Saturday, September 7, 2019

Once Upon A Time- NLP on Disney Movie Scripts & Their Original Stories

Introduction


Practically everyone knows some Disney movies, but not everyone knows about their original stories. The movies' original stories come from many places. For example, The Little Mermaid comes from a short story by Christian Andersen and The Hunchback of Notre Dame comes from a gothic novel written by Victor Hugo. It would be interesting to see the parallels between the Disney movie scripts and their original writings, which is exactly what my project seeks to do. In addition to finding interesting relationships between main characters in the movie scripts and original stories, my project also culminates in a rudimentary flask app that is also a book/movie recommendation system.

Methodology


I first gathered 17 Disney movie scripts and their corresponding original stories. Then, I tokenized my data in two different ways-- on the word level and on the sentence level. I tokenized my data on the word level with TF-IDF, removed punctuation and used stop-words, lemmatization, and parts of speech tagging to only keep nouns and adjectives. I did this pre-processing in order to feed my data into an NMF model to do topic modeling and also used Word2Vec and PCA to find relationships between main characters in the original stories and in the movie scripts. I also tokenized my data on the sentence/line level, keeping punctuation in order to do sentiment analysis with Vader and applied dynamic time warping techniques to compare sentiment change over time in the books and movies. With my NMF model and sentiment analysis, I was able to come up with a rudimentary book/movie recommendation system. The user puts in a story/movie from the list of 34 stories/movies they liked, a sentiment similarity weight and a topic similarity weight and the system returns a book or a movie that matches the criteria. 

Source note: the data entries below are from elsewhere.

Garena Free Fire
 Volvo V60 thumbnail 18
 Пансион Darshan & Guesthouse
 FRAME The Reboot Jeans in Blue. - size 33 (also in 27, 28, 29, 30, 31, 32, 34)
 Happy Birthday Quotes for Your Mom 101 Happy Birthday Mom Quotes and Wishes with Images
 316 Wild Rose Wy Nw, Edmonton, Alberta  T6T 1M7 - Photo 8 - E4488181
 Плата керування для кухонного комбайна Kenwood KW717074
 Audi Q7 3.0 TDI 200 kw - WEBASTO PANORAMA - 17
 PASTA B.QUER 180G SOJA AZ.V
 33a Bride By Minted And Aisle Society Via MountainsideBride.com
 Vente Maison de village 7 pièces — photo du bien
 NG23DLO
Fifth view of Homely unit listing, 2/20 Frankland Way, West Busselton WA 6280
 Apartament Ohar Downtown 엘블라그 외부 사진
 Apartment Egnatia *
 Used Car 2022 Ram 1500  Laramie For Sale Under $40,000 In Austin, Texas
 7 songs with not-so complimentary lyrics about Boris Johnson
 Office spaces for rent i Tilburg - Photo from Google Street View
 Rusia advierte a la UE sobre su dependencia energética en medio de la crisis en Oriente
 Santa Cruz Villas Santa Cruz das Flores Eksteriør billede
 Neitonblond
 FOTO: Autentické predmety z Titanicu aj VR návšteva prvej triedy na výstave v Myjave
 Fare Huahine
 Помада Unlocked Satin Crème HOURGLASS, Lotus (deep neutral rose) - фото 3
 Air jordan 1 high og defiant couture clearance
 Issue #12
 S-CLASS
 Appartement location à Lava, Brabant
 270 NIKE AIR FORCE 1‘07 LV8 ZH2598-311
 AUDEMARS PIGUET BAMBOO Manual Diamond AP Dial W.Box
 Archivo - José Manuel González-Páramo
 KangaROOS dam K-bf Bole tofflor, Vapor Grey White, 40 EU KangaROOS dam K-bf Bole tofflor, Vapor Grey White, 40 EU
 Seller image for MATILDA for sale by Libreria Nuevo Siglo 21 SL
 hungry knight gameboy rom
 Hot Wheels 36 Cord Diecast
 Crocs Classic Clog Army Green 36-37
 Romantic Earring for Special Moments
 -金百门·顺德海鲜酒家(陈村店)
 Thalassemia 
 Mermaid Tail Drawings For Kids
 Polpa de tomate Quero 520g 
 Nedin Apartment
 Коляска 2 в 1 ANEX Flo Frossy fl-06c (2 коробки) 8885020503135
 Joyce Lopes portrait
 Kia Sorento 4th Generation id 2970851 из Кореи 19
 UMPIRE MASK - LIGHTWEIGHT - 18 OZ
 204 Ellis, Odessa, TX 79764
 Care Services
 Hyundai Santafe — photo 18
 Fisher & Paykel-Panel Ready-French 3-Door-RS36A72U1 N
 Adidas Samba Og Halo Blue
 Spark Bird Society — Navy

My methodology is summed up in this picture:
















Findings


Word2Vec & PCA

Using Word2Vec and reducing dimensions to 2 with PCA, I was able to visualize the spread of main characters in the stories and in the movies. In the original stories, there is a greater spread of main characters, with some characters closer to the words "love" and "happy" and some characters rather far away from them. However, in the movies, the main characters are bunched together and everyone seems to be relatively close to the words "love" and "happy". Does this mean that the Disney movies are just more similar to each other and sugar-coats the original stories? This idea makes sense since a lot of the original stories are more dark and does not always have happy endings. For example, Victor Hugo's novel of the hunchback of Notre Dame has a lot of the main characters dying, but the Disney version is a lot happier. 


















Sentiment Analysis 

Using Vader, I was able to assign a sentiment score to each line or sentence of the movie script or story. This created a time series of sentiment change over the plot of the movie or story. I then used dynamic time warping techniques to compare sentiment change over time to compare how similar the movie and their corresponding story 'feels'. My findings show that the most similar book and movie pair is Winnie the Pooh by A.A. Milne and  The Adventures of Winnie the Pooh. The Winnie the Pooh book/movie pair received a dynamic time warping distance of 7, the lowest of all the other pairs of books and movies.  The most dissimilar book and movie according to sentiment is The Hunchback of Notre Dame by Victor Hugo and The Hunchback of Notre Dame.  This book/movie pair received a dynamic time warping distance of 33. You can see the change in sentiment over time in the following graphs. (I used a rolling mean of 5% of the lines/sentences to smooth out the graphs.)
















Recommendation System

Finally, my recommendation system was created by doing topic modeling over the 34 total number of books and movies and dynamic time warping scores. NMF was able to create 34 topics that corresponded to the movie or a book very well. I also wanted to be able to create a recommendation based on how similar the user wanted the recommended book or movie to feel to their chosen book or movie and how similar in topic the user wanted the recommended book or movie to be to their chosen book or movie. To give users those options, I used cosine similarity to compare each book or movie against another book or movie using the topic weights vectors I received from NMF. I also used the dynamic time warping distances to compare how similar each book/movie was to another book/movie. 

Here is a demonstration of the flask app I built:



I will end with a quote: 
"Begin at the beginning," the King said, very gravely, "and go on till you come to the end: then stop."
-Lewis Caroll, Alice in Wonderland